On 26 April, during the meeting of the American Academy of Neurology, which was held in Boston, the American Brain Foundation presented its Commitment to Cures 2023 awards. These accolades distinguish researchers who have contributed to the advancement of research in the field of brain diseases and to raising society’s awareness regarding the importance of these disorders. This year, Josep Dalmau, head of the IDIBAPS Pathogenesis of autoimmune neuronal diseases group, has received the award in the “Scientific Breakthrough” category, together with Vanda A. Lennon from the Mayo Clinic.
The award was presented by Jeyden Liuzza, a girl who was a patient of Dalmau when she was only 3 years old. Luizza suffered a very severe anti-NMDAR encephalitis, but she recovered and is now an ambassador for the Anti-NMDAR encephalitis Foundation.
Dalmau’s research has defined and transformed the field of autoimmune neurology and has had a major impact on the diagnosis and care of patients with autoimmune neurological diseases around the world.

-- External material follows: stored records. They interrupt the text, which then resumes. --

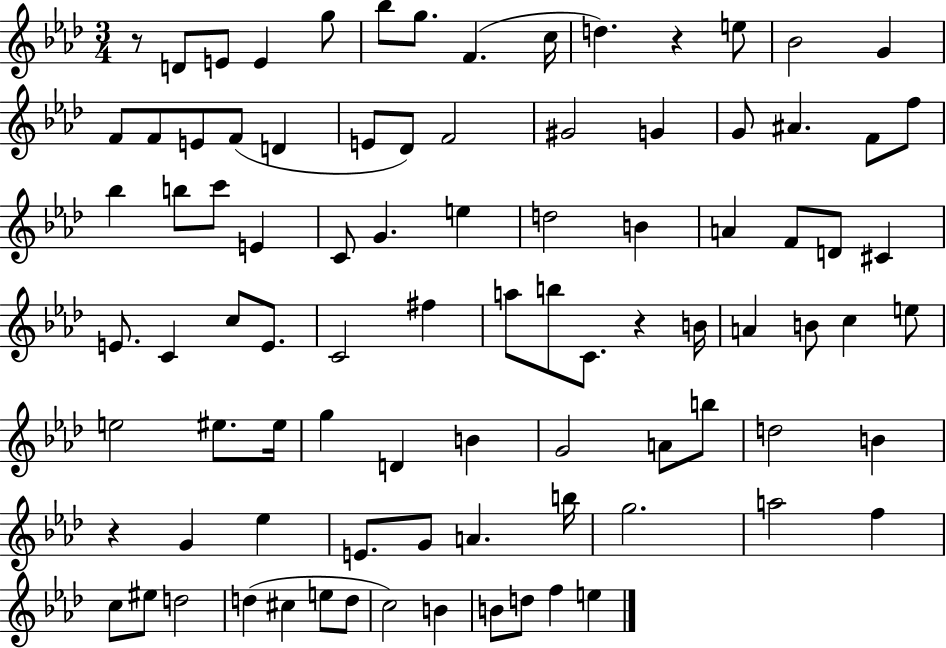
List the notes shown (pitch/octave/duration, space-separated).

R/e D4/e E4/e E4/q G5/e Bb5/e G5/e. F4/q. C5/s D5/q. R/q E5/e Bb4/h G4/q F4/e F4/e E4/e F4/e D4/q E4/e Db4/e F4/h G#4/h G4/q G4/e A#4/q. F4/e F5/e Bb5/q B5/e C6/e E4/q C4/e G4/q. E5/q D5/h B4/q A4/q F4/e D4/e C#4/q E4/e. C4/q C5/e E4/e. C4/h F#5/q A5/e B5/e C4/e. R/q B4/s A4/q B4/e C5/q E5/e E5/h EIS5/e. EIS5/s G5/q D4/q B4/q G4/h A4/e B5/e D5/h B4/q R/q G4/q Eb5/q E4/e. G4/e A4/q. B5/s G5/h. A5/h F5/q C5/e EIS5/e D5/h D5/q C#5/q E5/e D5/e C5/h B4/q B4/e D5/e F5/q E5/q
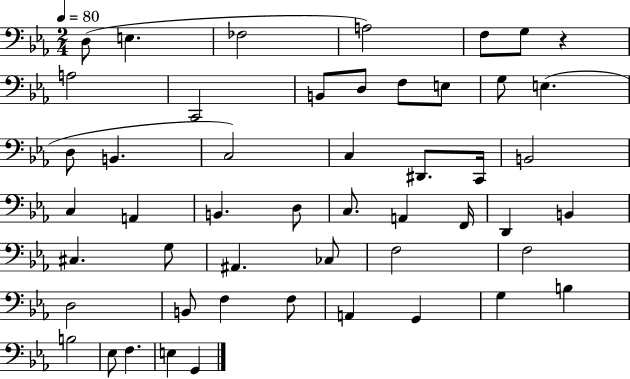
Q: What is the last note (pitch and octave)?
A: G2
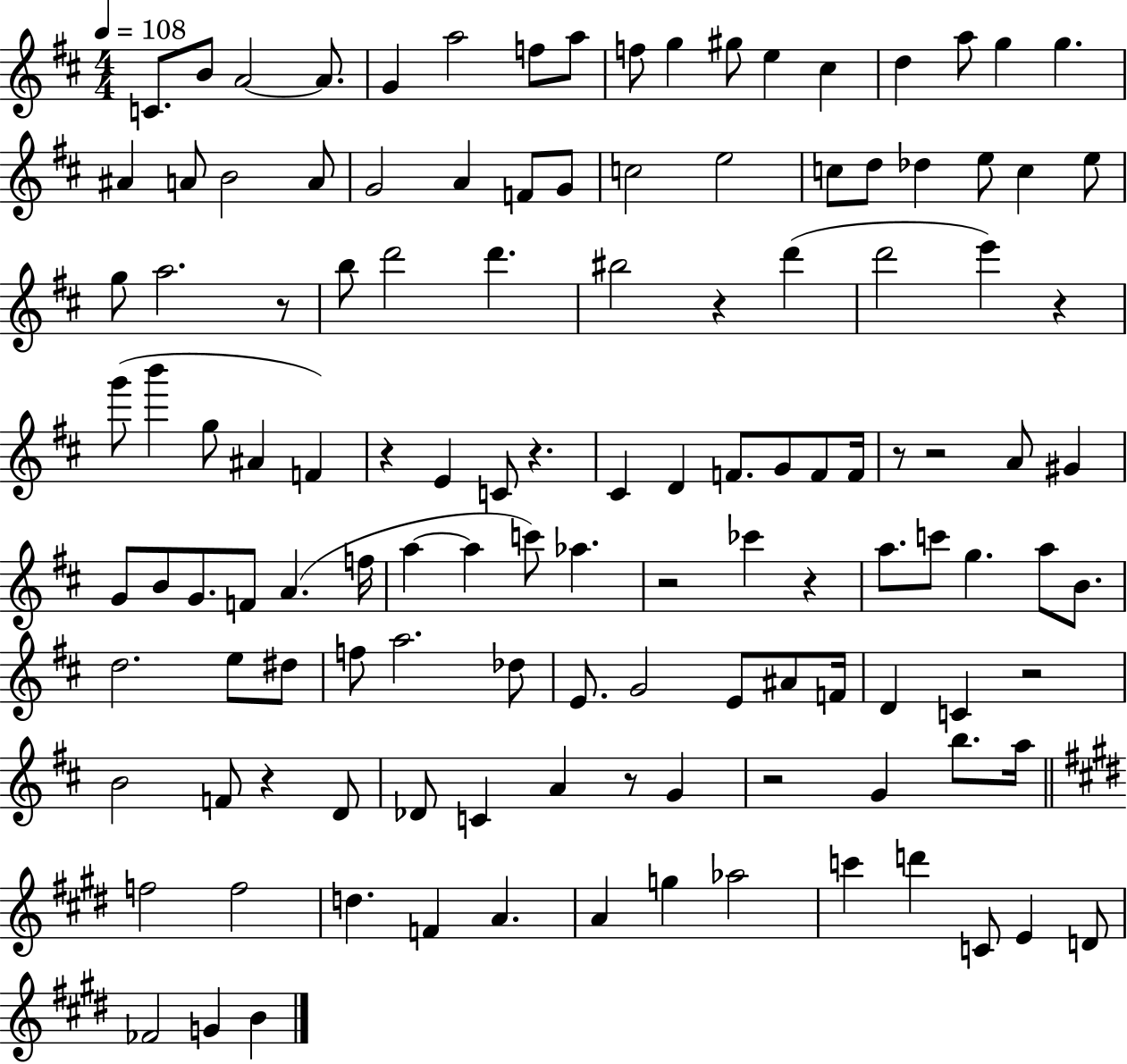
C4/e. B4/e A4/h A4/e. G4/q A5/h F5/e A5/e F5/e G5/q G#5/e E5/q C#5/q D5/q A5/e G5/q G5/q. A#4/q A4/e B4/h A4/e G4/h A4/q F4/e G4/e C5/h E5/h C5/e D5/e Db5/q E5/e C5/q E5/e G5/e A5/h. R/e B5/e D6/h D6/q. BIS5/h R/q D6/q D6/h E6/q R/q G6/e B6/q G5/e A#4/q F4/q R/q E4/q C4/e R/q. C#4/q D4/q F4/e. G4/e F4/e F4/s R/e R/h A4/e G#4/q G4/e B4/e G4/e. F4/e A4/q. F5/s A5/q A5/q C6/e Ab5/q. R/h CES6/q R/q A5/e. C6/e G5/q. A5/e B4/e. D5/h. E5/e D#5/e F5/e A5/h. Db5/e E4/e. G4/h E4/e A#4/e F4/s D4/q C4/q R/h B4/h F4/e R/q D4/e Db4/e C4/q A4/q R/e G4/q R/h G4/q B5/e. A5/s F5/h F5/h D5/q. F4/q A4/q. A4/q G5/q Ab5/h C6/q D6/q C4/e E4/q D4/e FES4/h G4/q B4/q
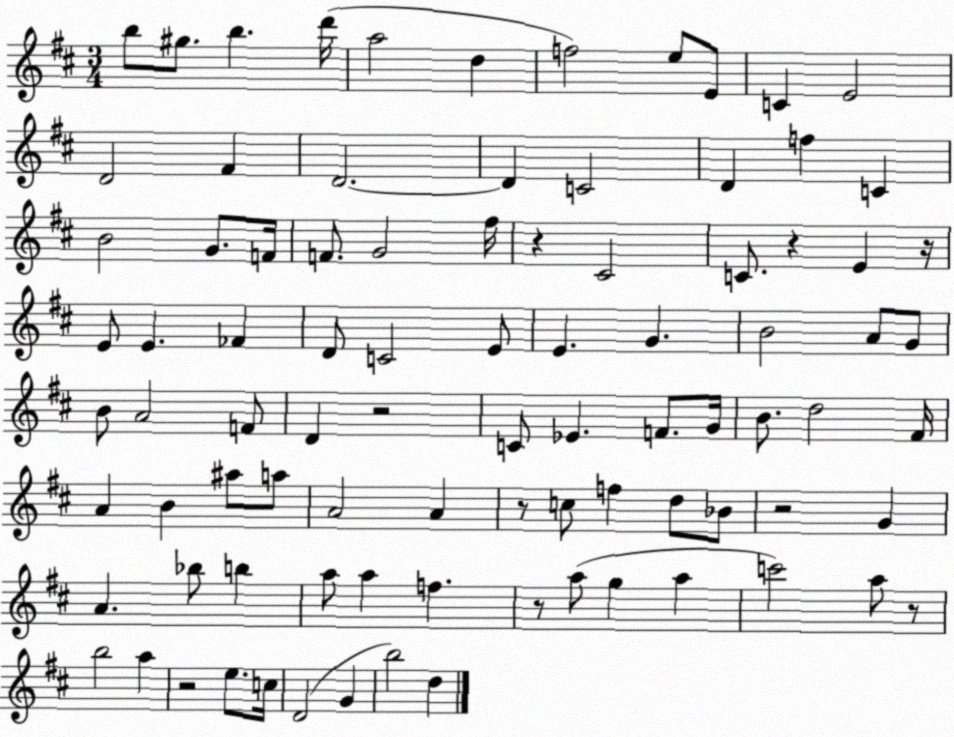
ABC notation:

X:1
T:Untitled
M:3/4
L:1/4
K:D
b/2 ^g/2 b d'/4 a2 d f2 e/2 E/2 C E2 D2 ^F D2 D C2 D f C B2 G/2 F/4 F/2 G2 ^f/4 z ^C2 C/2 z E z/4 E/2 E _F D/2 C2 E/2 E G B2 A/2 G/2 B/2 A2 F/2 D z2 C/2 _E F/2 G/4 B/2 d2 ^F/4 A B ^a/2 a/2 A2 A z/2 c/2 f d/2 _B/2 z2 G A _b/2 b a/2 a f z/2 a/2 g a c'2 a/2 z/2 b2 a z2 e/2 c/4 D2 G b2 d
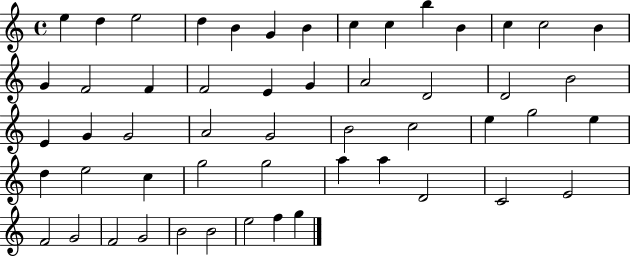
E5/q D5/q E5/h D5/q B4/q G4/q B4/q C5/q C5/q B5/q B4/q C5/q C5/h B4/q G4/q F4/h F4/q F4/h E4/q G4/q A4/h D4/h D4/h B4/h E4/q G4/q G4/h A4/h G4/h B4/h C5/h E5/q G5/h E5/q D5/q E5/h C5/q G5/h G5/h A5/q A5/q D4/h C4/h E4/h F4/h G4/h F4/h G4/h B4/h B4/h E5/h F5/q G5/q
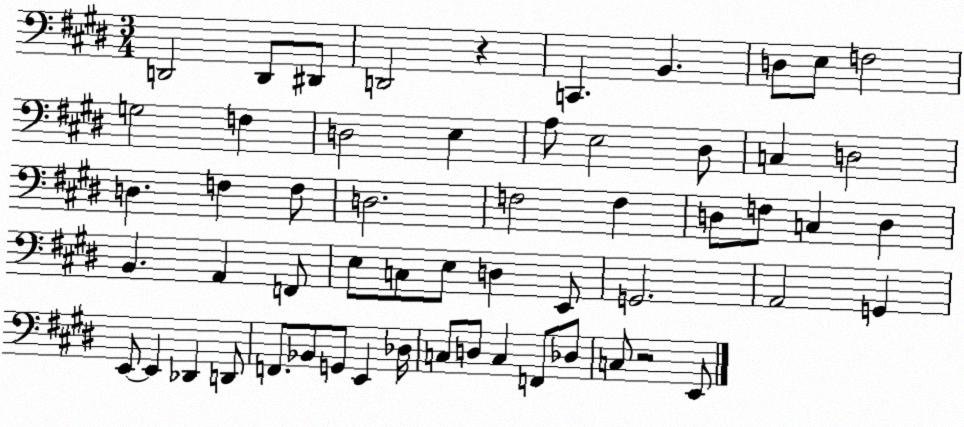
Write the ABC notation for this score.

X:1
T:Untitled
M:3/4
L:1/4
K:E
D,,2 D,,/2 ^D,,/2 D,,2 z C,, B,, D,/2 E,/2 F,2 G,2 F, D,2 E, A,/2 E,2 ^D,/2 C, D,2 D, F, F,/2 D,2 F,2 F, D,/2 F,/2 C, D, B,, A,, F,,/2 E,/2 C,/2 E,/2 D, E,,/2 G,,2 A,,2 G,, E,,/2 E,, _D,, D,,/2 F,,/2 _B,,/2 G,,/2 E,, _D,/4 C,/2 D,/2 C, F,,/2 _D,/2 C,/2 z2 E,,/2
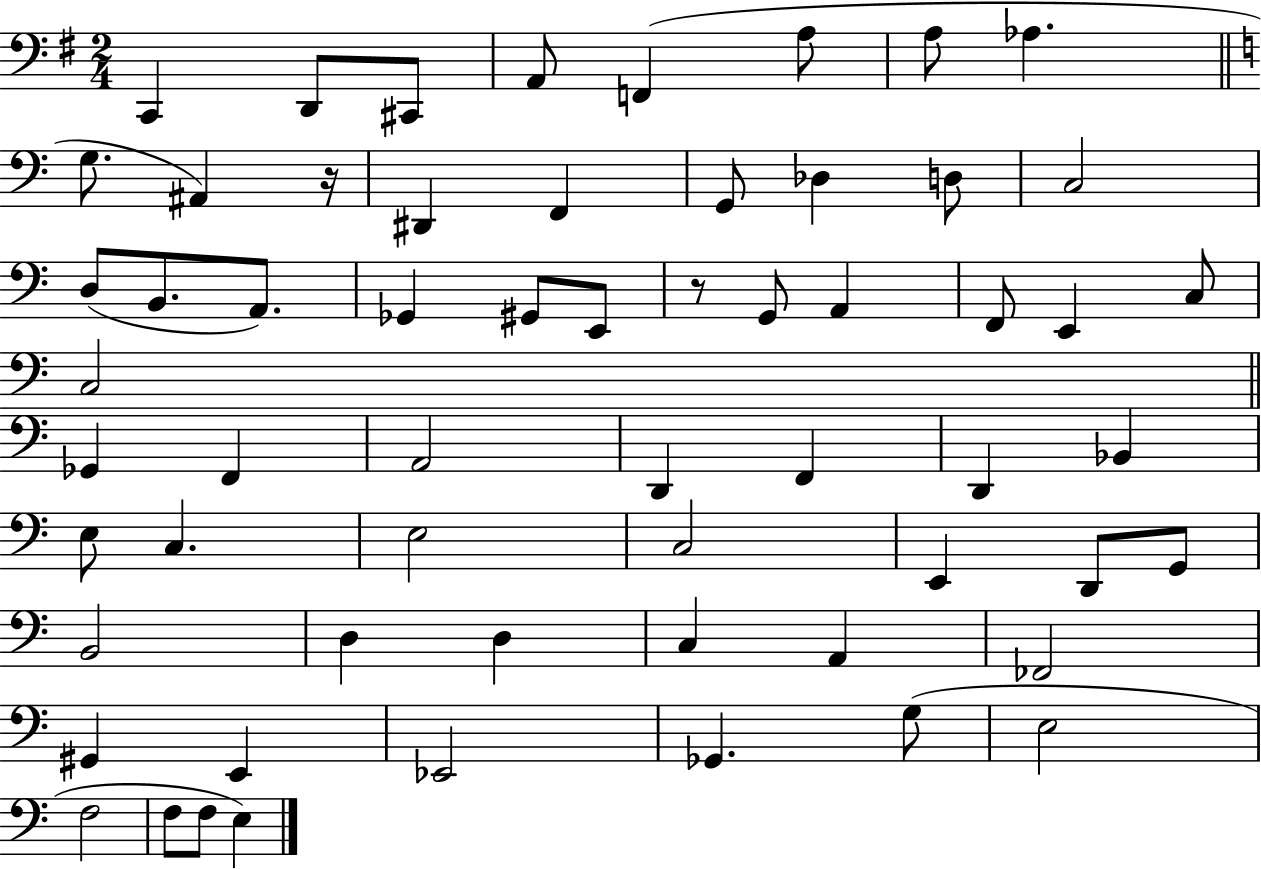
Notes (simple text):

C2/q D2/e C#2/e A2/e F2/q A3/e A3/e Ab3/q. G3/e. A#2/q R/s D#2/q F2/q G2/e Db3/q D3/e C3/h D3/e B2/e. A2/e. Gb2/q G#2/e E2/e R/e G2/e A2/q F2/e E2/q C3/e C3/h Gb2/q F2/q A2/h D2/q F2/q D2/q Bb2/q E3/e C3/q. E3/h C3/h E2/q D2/e G2/e B2/h D3/q D3/q C3/q A2/q FES2/h G#2/q E2/q Eb2/h Gb2/q. G3/e E3/h F3/h F3/e F3/e E3/q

In the year 2007, Josep Dalmau described the first autoimmune encephalitis. Today, there are 17 known types of this disorder, of which 11 were identified at Dalmau’s laboratory. Autoimmune encephalitis are a set of inflammatory diseases of the central nervous system in which the immune system attacks the body’s own proteins by mistake. The neuropsychiatric symptoms include behavioural changes, psychosis, convulsions, and cognitive and memory deficits. Autoimmune encephalitis can affect people of any age and some of the subtypes appear, mainly, in children and young adults, and represent a third of all the cases of encephalitis that occur worldwide.
The name of Josep Dalmau has become synonymous with autoimmune neurology and, thanks to his research, today many autoimmune neurological diseases can be cured.